As Nevada updates its workers’ compensation system, employers should be aware of an important change to how payroll is capped for workers’ compensation premium calculations.

Nevada Senate Bill 317 (SB 317) changes how payroll is capped for workers’ compensation premium calculations. This matters most for employers with higher-wage employees whose payrolls were previously limited under the old cap. Nevada is not moving to unlimited payroll for workers’ compensation premiums. Instead, the current $36,000 annual payroll cap is being replaced with a higher cap tied to the state’s maximum average monthly wage. Based on the current published wage figure referenced in NCCI’s analysis, that new cap is approximately $101,000. The effective date for the payroll cap change is October 1, 2026. The other changes become effective July 1, 2027.

In simple terms:

• Before: only the first $36,000 of payroll for certain employees counted toward premium calculations.

• After: up to approximately $101,000 of payroll will count, subject to the statutory formula and annual updates.

What Does This Mean for Premiums?

Although the payroll cap is increasing, NCCI has indicated that this change is expected to be generally premium-neutral on average statewide. Because workers’ compensation loss costs and assigned risk rates are developed based on payroll exposure, the increase in reportable payroll is expected to be offset by a corresponding decrease in loss costs and assigned risk rates. NCCI estimates that the overall loss costs in Nevada may decrease by approximately 33% to 43% in order to offset the increase in payrolls, resulting in no overall statewide premium change on average. However, individual employer impacts may still vary depending on industry group, class code, and wage distribution.

Why the Change?

The prior $36,000 cap had become low relative to current wage levels. SB 317 updates the payroll limitation formula so that payroll used for workers’ compensation premium calculations more closely reflects today’s earnings. The bill also includes several additional workers’ compensation reforms intended to improve aspects of system administration and claim handling.

Key Impacts to Employers

  1. Changing premium calculations: Employers with higher-paid employees will likely have more payroll included in the premium calculation than under the old $36,000 cap.

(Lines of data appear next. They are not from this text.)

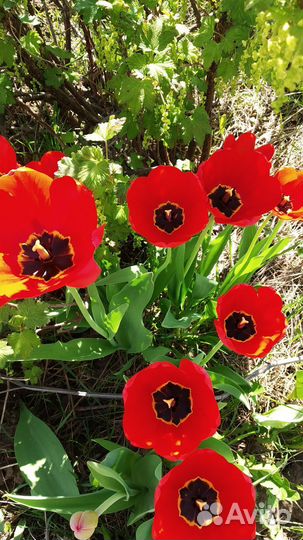 Нарциссы, тюльпаны на срез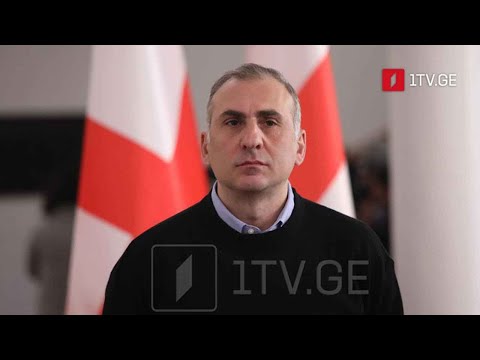 ოპოზიციური პოლიტიკური პარტიების გეგმები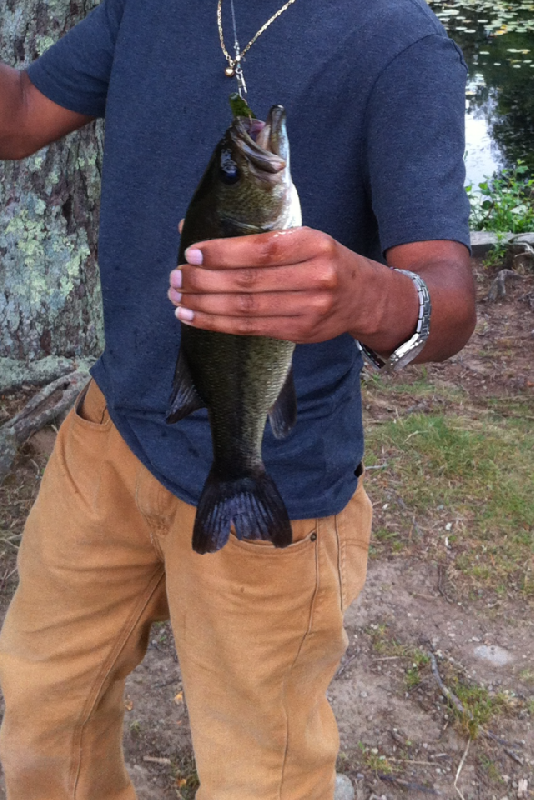 caught a 10" bass in a little pond near Brockton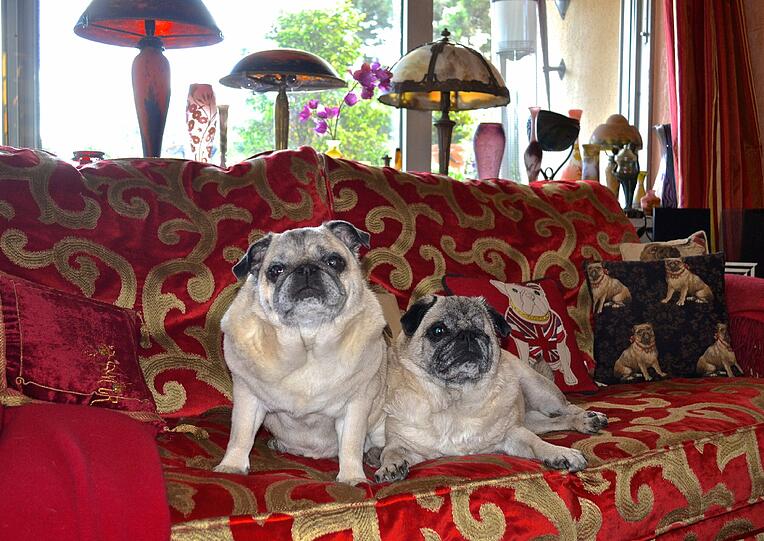 Mops Sir Henry und seine Besitzerin, PR-Beraterin Uschi Ackermann, sind in München bekannt wie die sprichwörtlichen bunten Hunde.
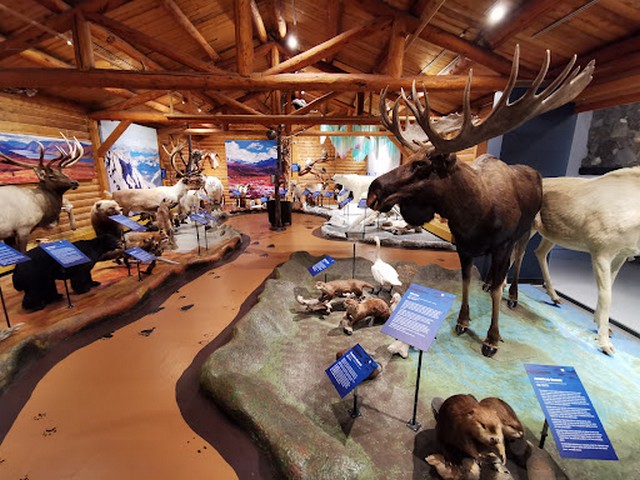 things to do in Whitehorse Canada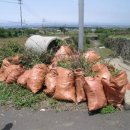 제주특별자치도개발공사(제2감귤공장) 이미지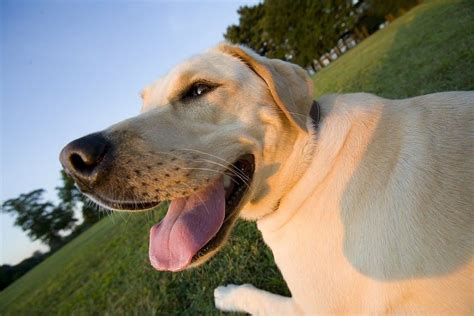 哪種短毛大型犬最適合您？來看看這些品種！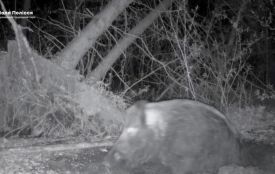 У лісі на Хмельниччині помітили «спа-процедури» диких тварин: відео з фотопасток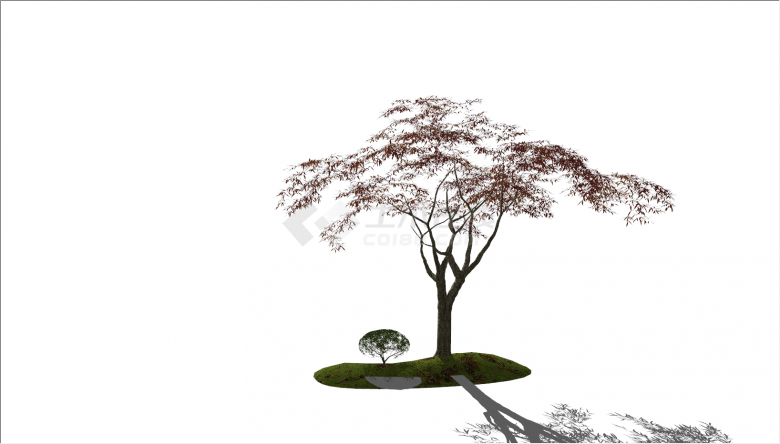 新中式小叶细高景观树su模型-图二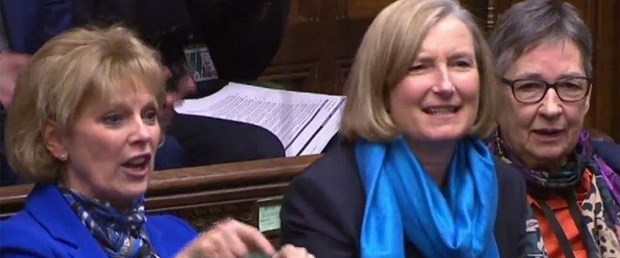 ingiltere brexit muhafazakar parti istifa200219.jpg
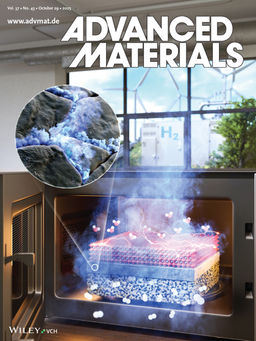 D. Kim#, Y. Kang#, H. Kim, S. Oh, S. Jang, M. Lee, Z. F. Lee, G.-D. Sim, K. T. Lee*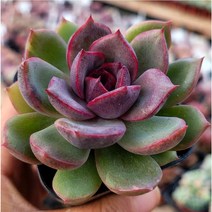특별한 구성 예쁜다육 7종 모아보기, 5번-라비앙스로즈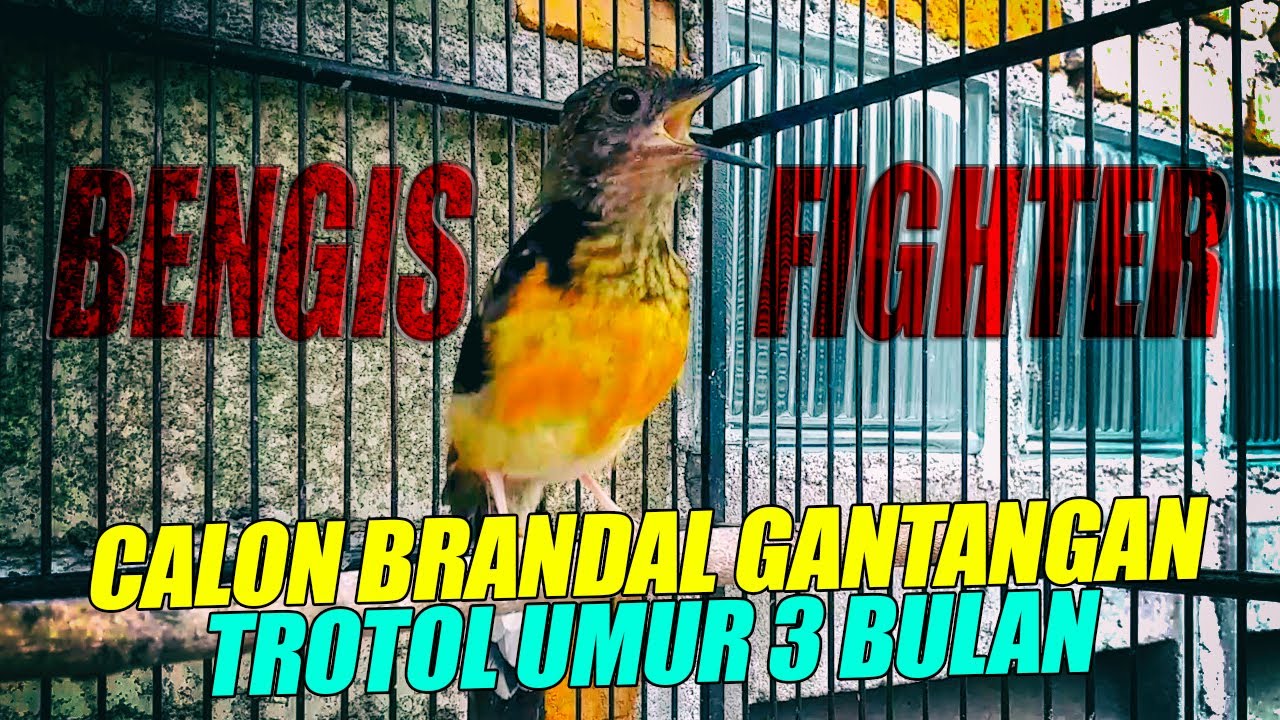 BAHOROK FIGHTER !! TROTOL JAHAT umur 3,5 bulan menunjukkan bakatnya | shama birt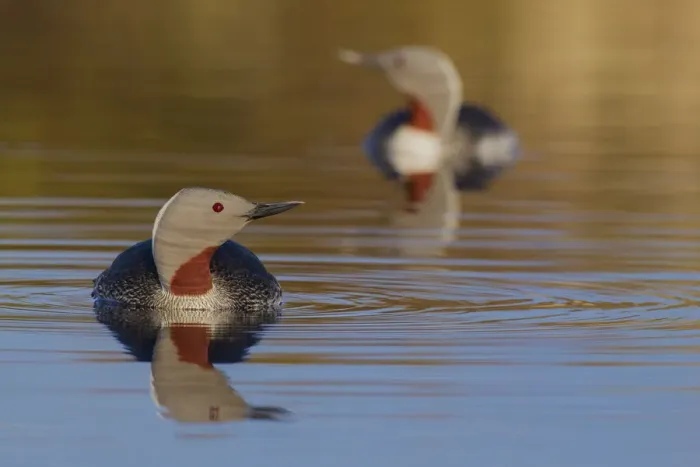 Framed Print : Red-throated loon Framed Print : Red-throated loon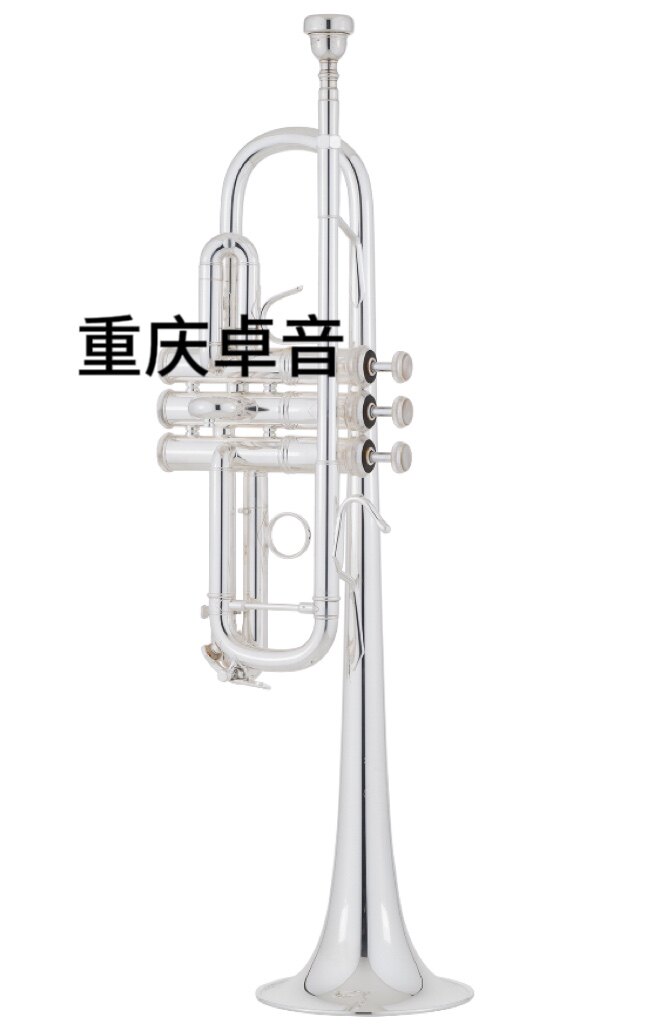 BACH 巴哈 专业级 小号 C180SL239 / C190SL229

  2. Overall premiums are not expected to increase statewide: NCCI’s analysis indicates that the larger payroll base is expected to be o set by lower loss costs and assigned risk rates, making the effect generally premium-neutral on average statewide.

  3. Individual employer outcomes may still vary. While the overall statewide effect is expected to be neutral on average, the impact on a specifc employer may vary. NCCI notes that some industry groups and classifications may experience effects that are less than or greater than the statewide average.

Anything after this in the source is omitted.